Alternatively, if you do not need regular expressions, only wildcards, use type(glob) in your filter:
Example: Filtering with widcards
The following filter matches on hostnames starting with the myhost string, for example, on myhost-1, myhost-2, and so on.
filter f_wildcard {host("myhost*" type(glob));};For details on using regular expressions in syslog-ng OSE, see Using wildcards, special characters, and regular expressions in filters.
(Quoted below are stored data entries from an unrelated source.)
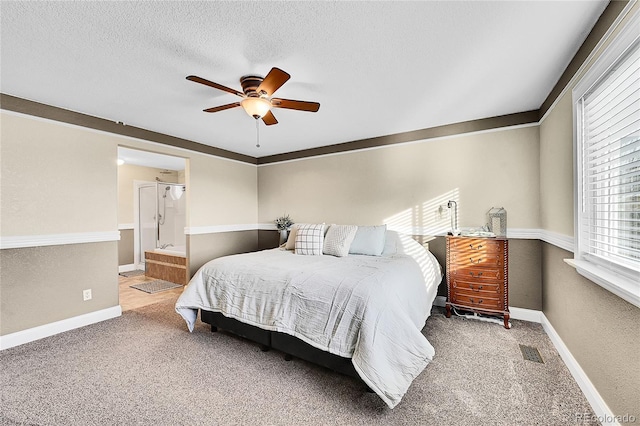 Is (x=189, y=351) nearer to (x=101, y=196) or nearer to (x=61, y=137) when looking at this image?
(x=101, y=196)

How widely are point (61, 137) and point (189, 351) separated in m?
2.70

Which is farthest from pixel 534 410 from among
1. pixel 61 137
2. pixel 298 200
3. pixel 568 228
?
pixel 61 137

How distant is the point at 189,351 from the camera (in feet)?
8.22

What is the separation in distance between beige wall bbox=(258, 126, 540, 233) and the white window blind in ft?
4.26

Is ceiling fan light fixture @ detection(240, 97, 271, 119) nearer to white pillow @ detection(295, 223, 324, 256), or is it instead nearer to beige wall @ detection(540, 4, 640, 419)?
white pillow @ detection(295, 223, 324, 256)

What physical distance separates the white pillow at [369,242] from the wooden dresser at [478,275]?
→ 2.59ft

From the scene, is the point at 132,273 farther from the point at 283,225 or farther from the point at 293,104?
the point at 293,104

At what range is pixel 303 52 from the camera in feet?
6.49

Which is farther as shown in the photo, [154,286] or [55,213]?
[154,286]

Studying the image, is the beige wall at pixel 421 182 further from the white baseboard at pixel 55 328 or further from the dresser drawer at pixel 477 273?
the white baseboard at pixel 55 328

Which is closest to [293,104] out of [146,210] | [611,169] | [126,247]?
[611,169]

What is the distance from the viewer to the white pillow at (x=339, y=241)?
3.42m

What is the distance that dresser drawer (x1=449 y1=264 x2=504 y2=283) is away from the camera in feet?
9.84

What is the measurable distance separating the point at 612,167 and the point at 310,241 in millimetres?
2735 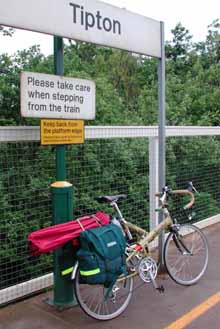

To filter for special control characters like the carriage return (CR), use the \r escape prefix in syslog-ng OSE version 3.0 and 3.1. In syslog-ng OSE 3.2 and later, you can also use the \x escape prefix and the ASCII code of the character. For example, to filter on carriage returns, use the following filter:
filter f_carriage_return {match("\x0d" value ("MESSAGE"));};
Tagging messages
You can label the messages with custom tags. Tags are simple labels, identified by their names, which must be unique. Currently syslog-ng OSE can tag a message at two different places:
-
at the source when the message is received, and
-
when the message matches a pattern in the pattern database. For details on using the pattern database, see Using pattern databases, for details on creating tags in the pattern database, see The syslog-ng pattern database format.
-
Tags can be also added and deleted using rewrite rules. For details, see Adding and deleting tags.
When syslog-ng receives a message, it automatically adds the .source.<id_of_the_source_statement> tag to the message. Use the tags() option of the source to add custom tags, and the tags() option of the filters to select only specific messages.
|
|
NOTE:
|
For an example on tagging, see Example: Adding tags and filtering messages with tags.